━━ Task input

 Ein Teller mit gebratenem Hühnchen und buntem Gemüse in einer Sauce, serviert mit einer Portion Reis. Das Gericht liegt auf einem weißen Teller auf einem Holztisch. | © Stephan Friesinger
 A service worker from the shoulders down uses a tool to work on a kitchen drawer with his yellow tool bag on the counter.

━━━━
━━ Task input

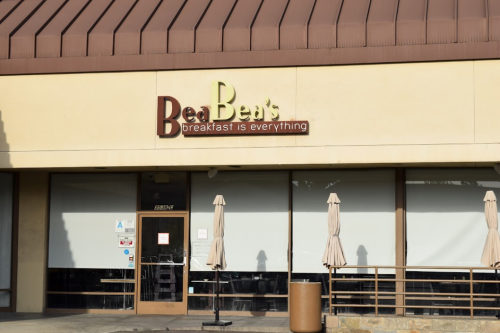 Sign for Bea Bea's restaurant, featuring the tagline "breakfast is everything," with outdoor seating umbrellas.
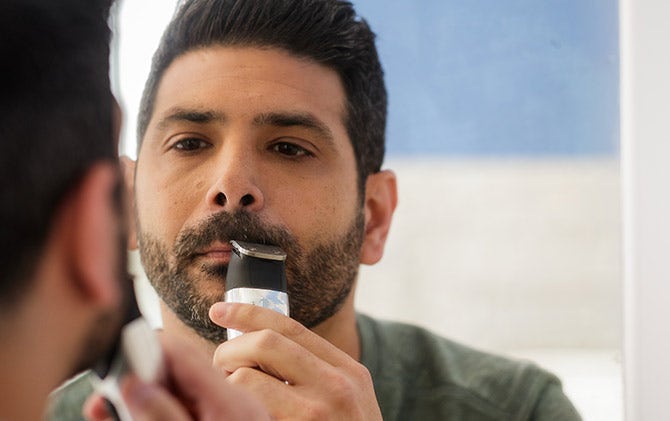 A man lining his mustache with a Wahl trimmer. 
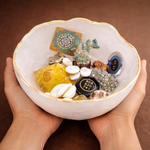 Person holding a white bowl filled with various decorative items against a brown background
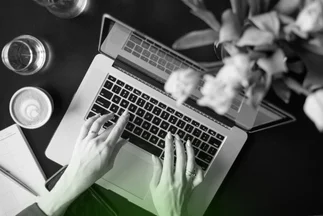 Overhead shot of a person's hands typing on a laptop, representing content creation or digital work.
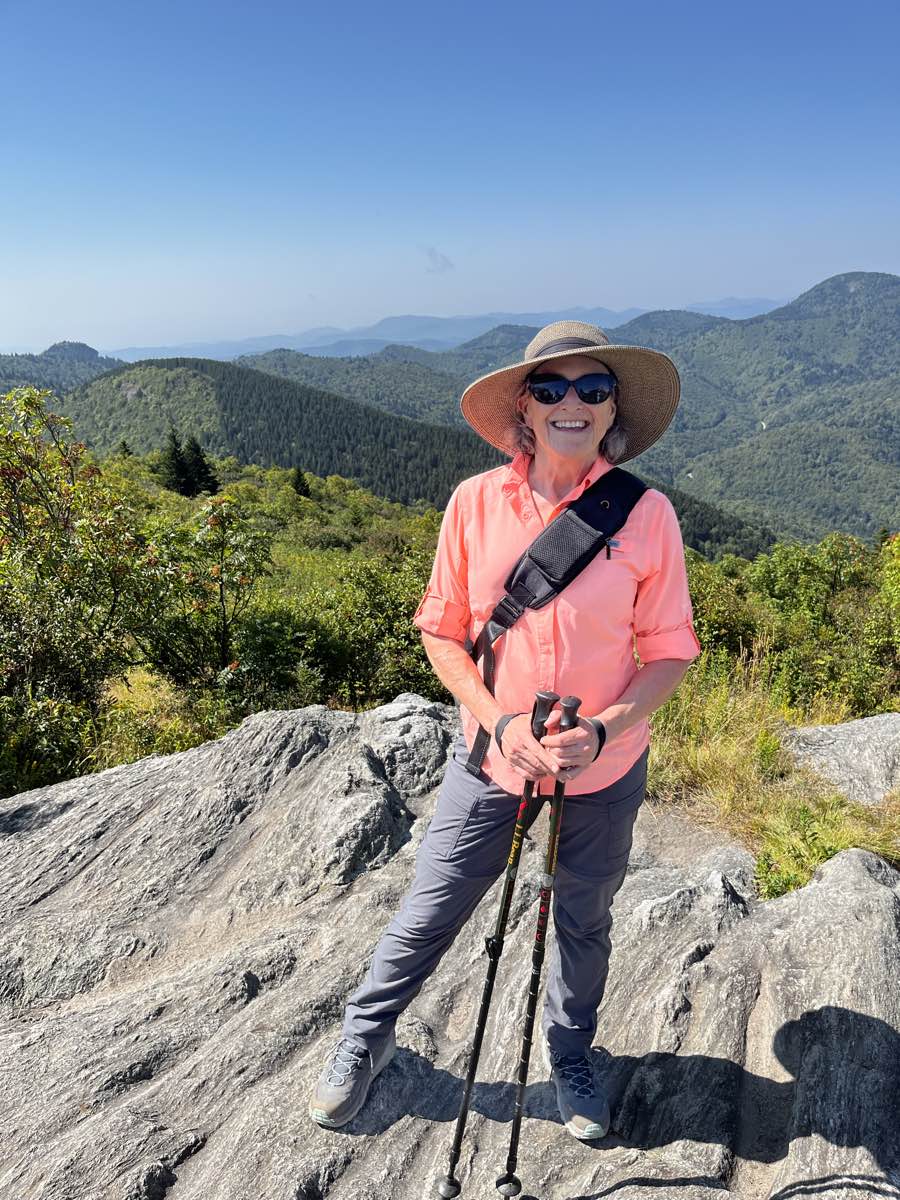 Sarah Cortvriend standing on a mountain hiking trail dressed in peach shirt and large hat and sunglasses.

━━━━

_Work to complete_
In the entries above, find the line with "Ein Teller mit" and the line with "A service worker", then restate word for word both of them and every line between, with nothing more.

_Result_
 Ein Teller mit gebratenem Hühnchen und buntem Gemüse in einer Sauce, serviert mit einer Portion Reis. Das Gericht liegt auf einem weißen Teller auf einem Holztisch. | © Stephan Friesinger
 A service worker from the shoulders down uses a tool to work on a kitchen drawer with his yellow tool bag on the counter.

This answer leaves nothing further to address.